When we think about careers or businesses are they just about making money? is that all we are here to do? I want to make a good living just as much as the next guy, but if it is our sole focus what does that say about us? What does that say to our co-workers, our families, our friends, and our communities? When you are gone will your co-workers or employees say that it was great to work with you or that it was a battle to come to work everyday? Will they say that your mission statement truly meant something or it was just a saying that nobody really believed in or practiced? Are your co-workers or employees proud they worked with or for you or do they tell their friends that work is “just a job”? Personally, I don’t want to work at “just a job” I want to be part of a company that has a culture of excellence, holds its employees in high esteem, values its place in the community, and sets a high standard for how it operates.
Whether you ever own your own company or always work for someone else we all have a responsibility (especially if we are owners or managers) to see that we care about more than just the bottom line. Of course if your company is not profitable it cannot be in business, I am not talking about that, I am talking about the individuals and companies that only care about their own wealth and not about how their actions effect their employees or community. A huge corporation possibly will get by on treating its employees badly but if you work for a smaller company you cannot. If you do, your company will ultimately suffer monetarily and your legacy will not be one to be proud of. Is that really what you want?
I propose that your legacy is something that you can determine but you need to start today. Most of the time we know what the right thing to do is and we just don’t do it. I also propose that having a good legacy adds significant economic value. first of all, individually and as a company, the more you are trusted the more others will want to do business with you. Secondly, the higher affinity employees feel with a company the higher they will produce. Thirdly, a brand with a great legacy will last a long time. Today is your opportunity to begin changing your legacy for the better so how you will be remembered will be something you, your family, and company will be proud of.
I leave you with some of my aunt’s final writings in the company newsletter. She knew what she wanted her legacy and the companies legacy to be long after she was gone. It was a legacy she had striven for and something those after her could strive for, something to come to work for and take pride in, her legacy is something to remember for good. What will yours be?

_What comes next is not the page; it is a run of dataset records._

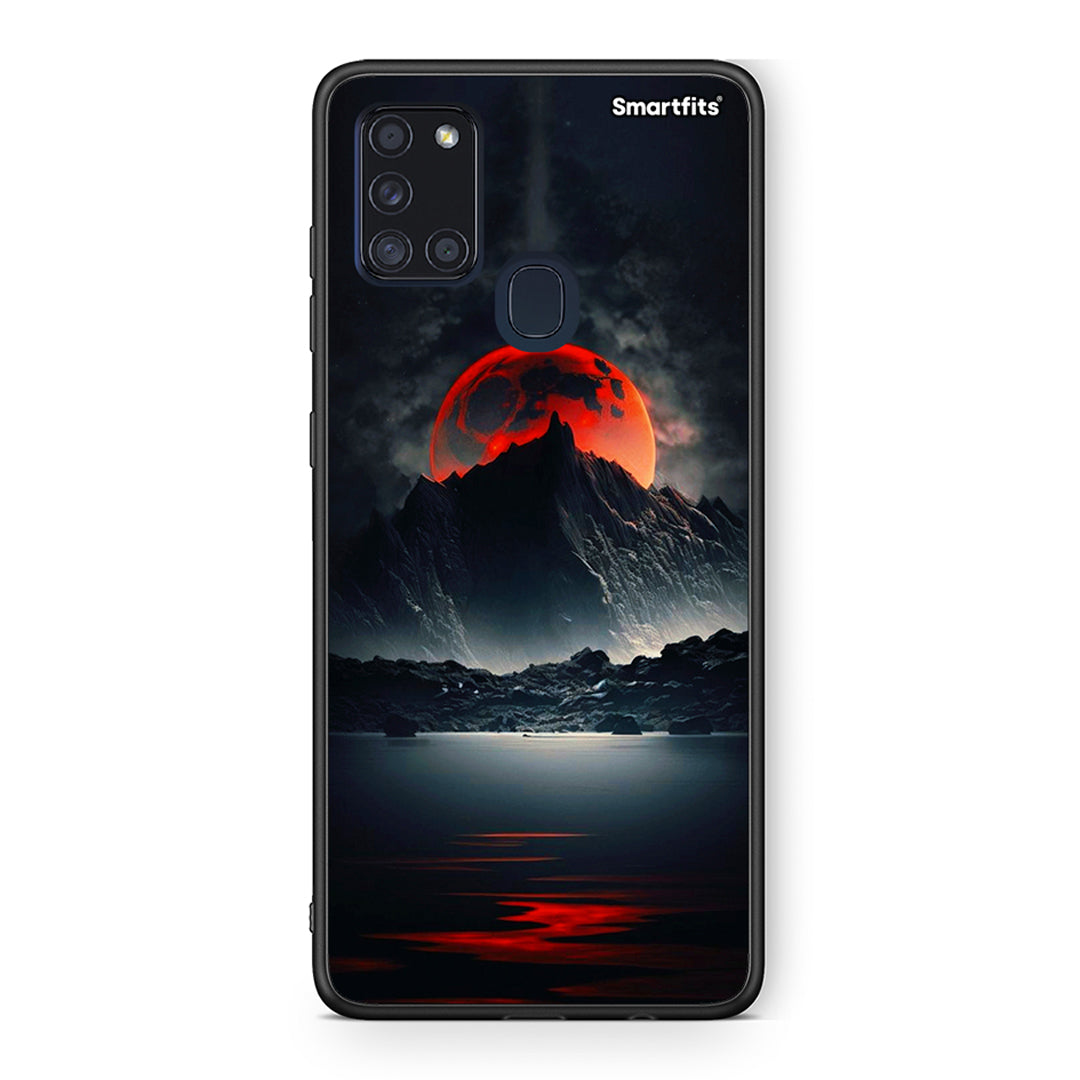 Samsung A21s Red Full Moon θήκη από τη Smartfits με σχέδιο στο πίσω μέρος και μαύρο περίβλημα | Smartphone case with colorful back and black bezels by Smartfits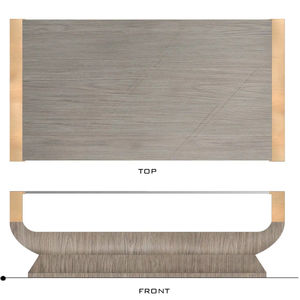 Mesa de cóctel rectangular con chapa de madera natural, estilo moderno para dormitorio, sofá, sala de estar - Product Image 1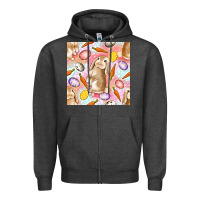 Charcoal Heather Happy Easter Bunny Seamless Pattern Zipper Hoodie - BundleAndBundleShop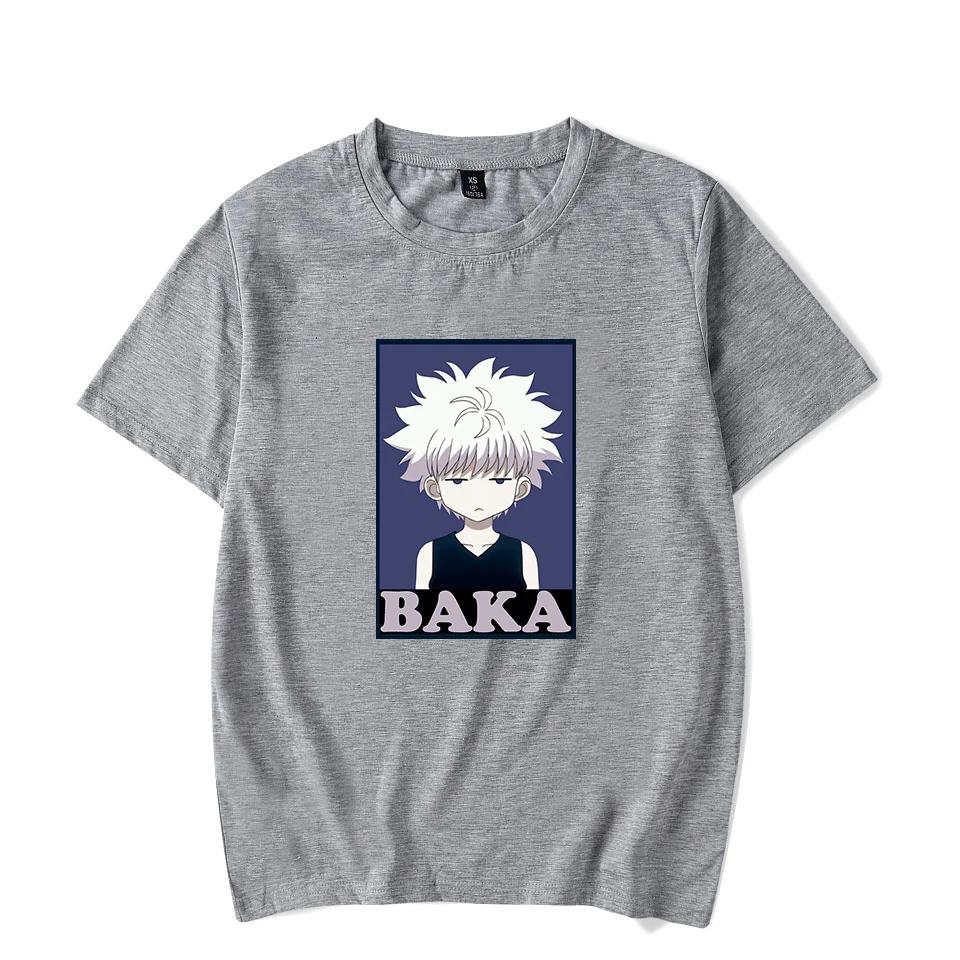 Футболка Kawaii Killua BAKA летняя футболка из 100% хлопка с коротким рукавом для женщин и
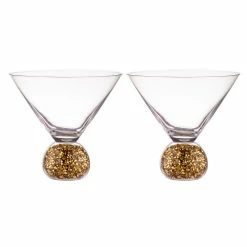 TEMPA Kiara Gold 2pk Martini Glass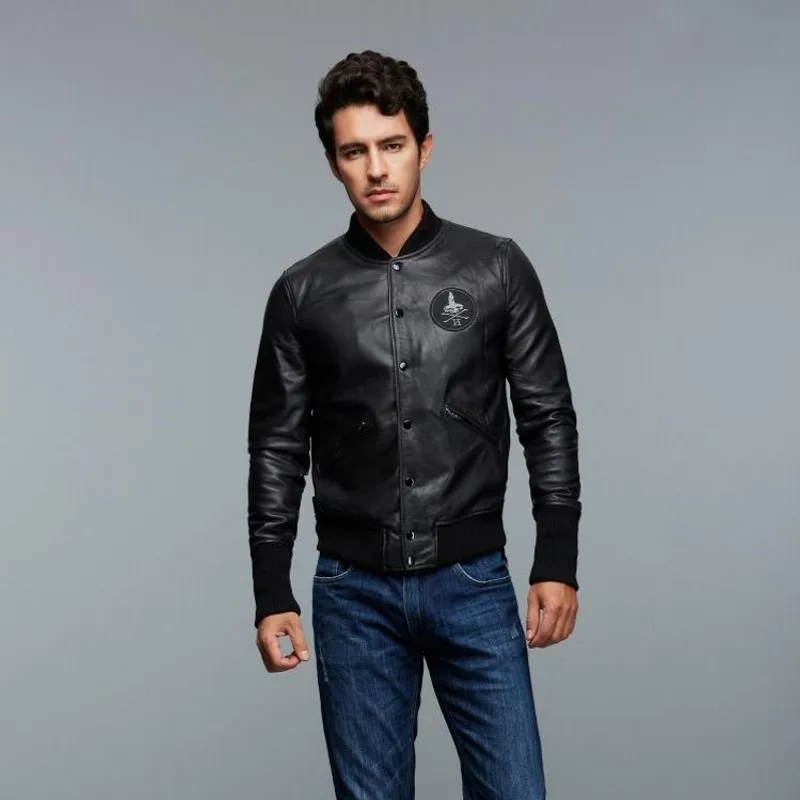 2018 Fashion Genuine Leather Aviation Bomber Jacket Men Casual Black Real Leather Aviator Jacket Sheepskin Motorcycle Streetwear 2018 Fashion Genuine Leather Aviation Bomber Jacket Men Casual Black Real Leather Aviator Jacket Sheepskin Motorcycle Streetwear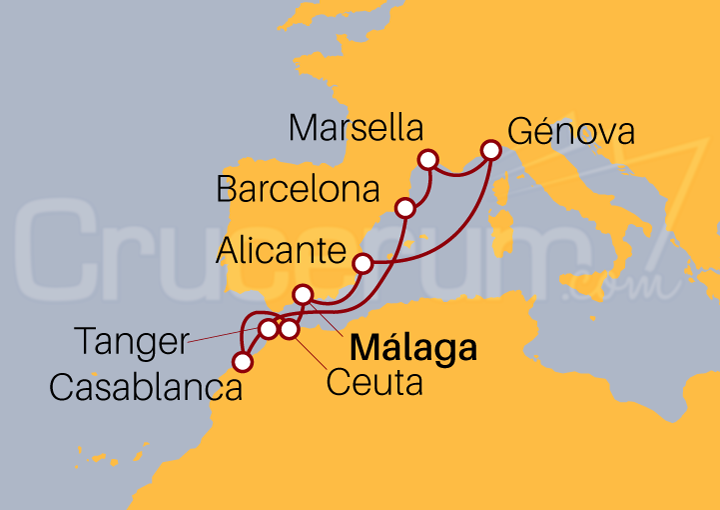 Itinerario Crucero Italia, Francia y Marruecos desde Málaga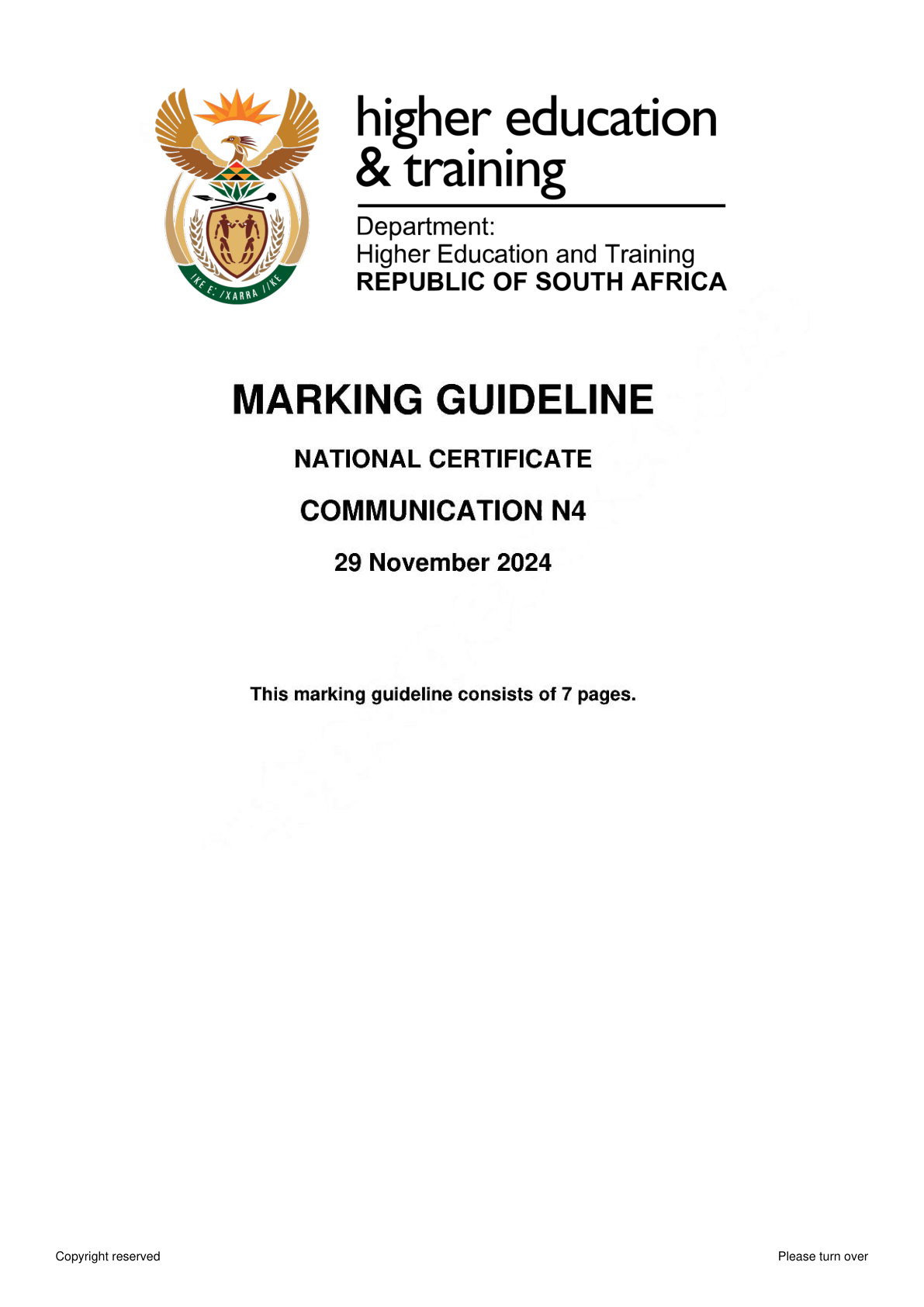 Communication N4 DHET NATED November 2024 - Memo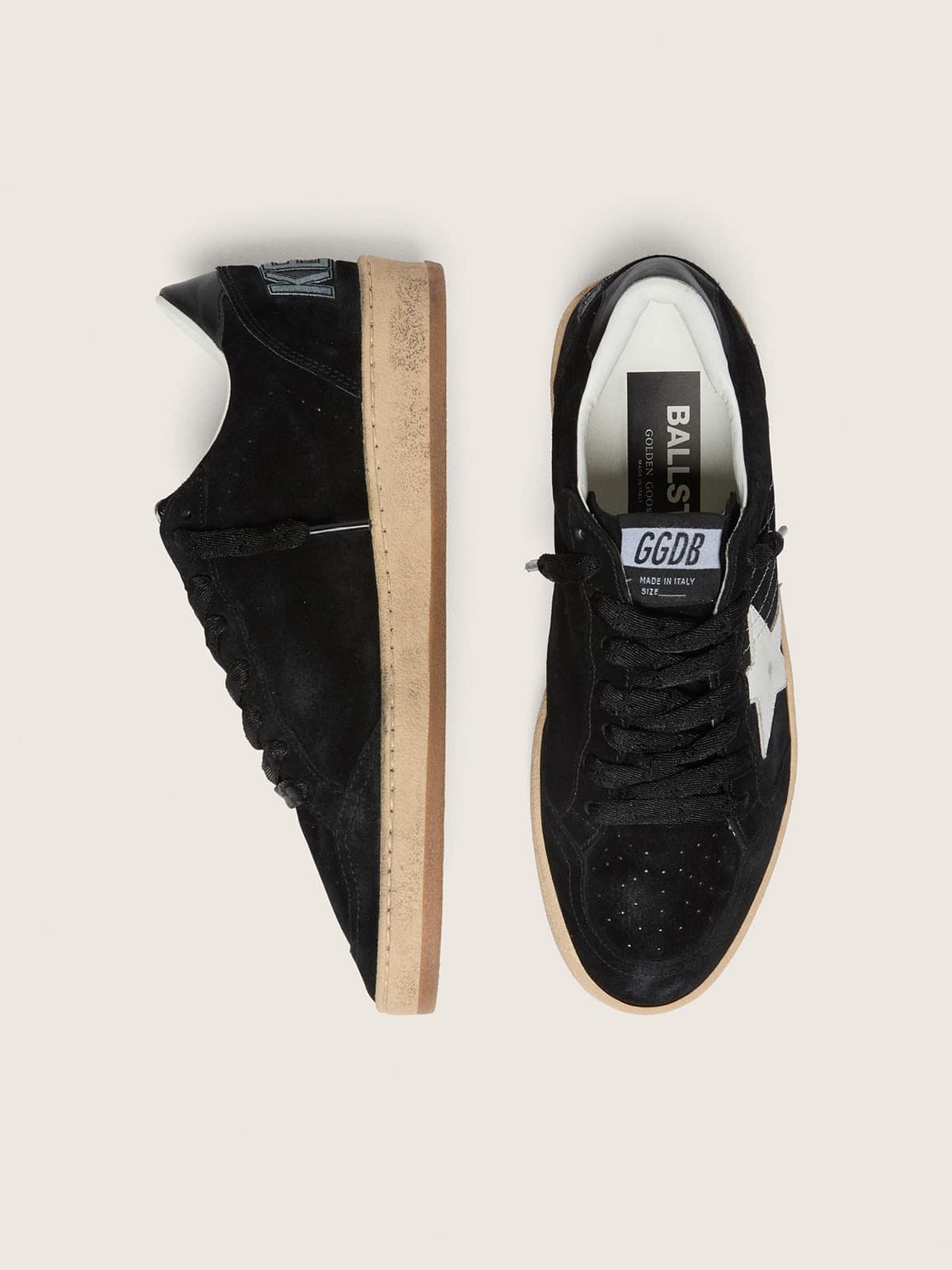 Women's Ball Star in black suede with white leather star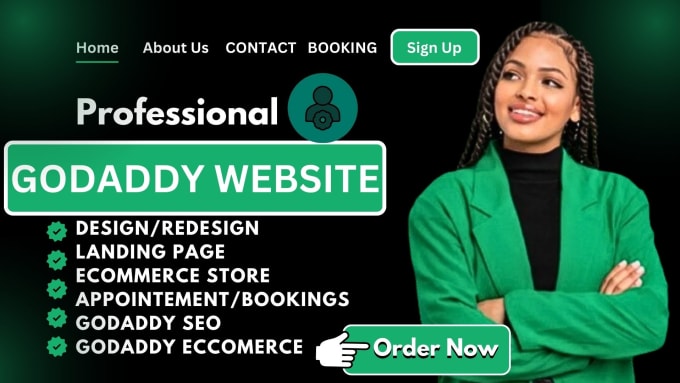 Gig Preview - Design godaddy, website redesign,godaddy website,design godaddy,website redesign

“In our time, corporate greed seems to be at an all-time high. Ethics are thrown out the window for profit. Honesty is a joke. We did not fully realize that integrity has real value. We assumed everyone has it and many do not…the first phrase of our mission statement says “by striving to honor God and each other…” Striving implies that there is effort put forth to honor God and to honor each other. As the CEO, my passion is to put forth the effort to honor God and you. I hope each of you will join me in the effort.”